Keine Pillen für Ungeborene
Neue Studie warnt Schwangere vor rezeptfreien Schmerzmitteln
Fruchtbarkeitsprobleme bei Männern nehmen in vielen Industrieländern seit Jahrzehnten zu. In Dänemark stieg der Anteil der neugeborenen Jungen mit Kryptorchismus, einer Form von Hodenhochstand, zwischen den Jahren 1960 und 2000 von 1,8 auf 8,5 Prozent. Kryptorchismus steigert das Risiko für Zeugungsprobleme und Hodenkrebs.

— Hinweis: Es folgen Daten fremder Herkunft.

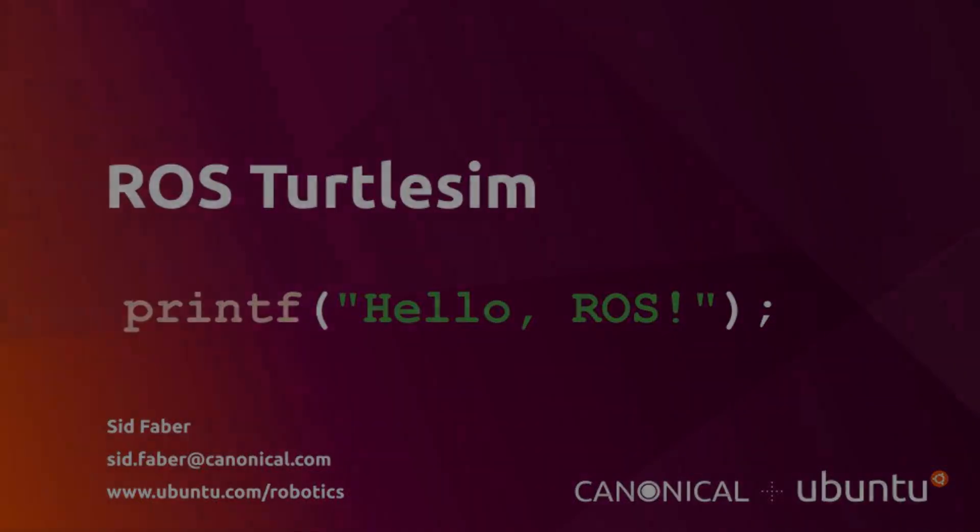Hello, my name is Sid Faber from the robotics team at Canonical. In this video, we're going to take a look at TurtleSim. It's a really basic simulator that's included with ROS. It's used to teach some of the basic concepts about how ROS works.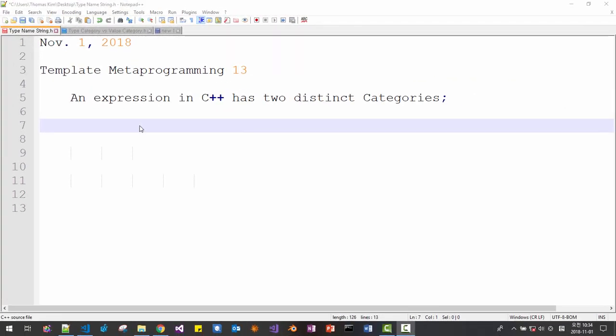Hi everyone. My name is Thomas Kim. Today is November 1, 2018. This is the 13th video about template metaprogramming.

Als eine Ursache zunehmender Unfruchtbarkeit verdächtigen Forscher Inhaltsstoffe von Plastik, die ähnlich wirken wie das weibliche Sexualhormon Östrogen – etwa die zum Weichen von Kunststoff verwendeten Phthalate. Einen neuen Verdächtigen will nun das dänisch-finnisch-französische Forscherteam ermittelt haben: Rezeptfreie Schmerzmittel wie Aspirin, Ibuprofen oder Paracetamol. Die Forscher befragten etwa 830 schwangere Däninnen zur Einnahme solcher Medikamente. Auf den ersten Blick erschrecken die in der Zeitschrift »Human Reproduction« vorgelegten Resultate: Bei gleichzeitigem Gebrauch von mehr als einem rezeptfreien Schmerzmittel stieg bei neugeborenen Jungen das Risiko für Hodenhochstand um das Siebenfache. Besonders empfindlich reagieren Babys demnach auf die Mittel im zweiten Schwangerschaftsdrittel: Hier trieb eine Schmerzmittel-Kombination die Gefährdung um den Faktor 16 in die Höhe. Während dieser Phase erhöhten auch einzelne Mittel das Risiko im Mittel um mehr als das Doppelte. Ibuprofen und der Aspirin-Wirkstoff ASS (Acetylsalicylsäure) vervierfachten die Wahrscheinlichkeit.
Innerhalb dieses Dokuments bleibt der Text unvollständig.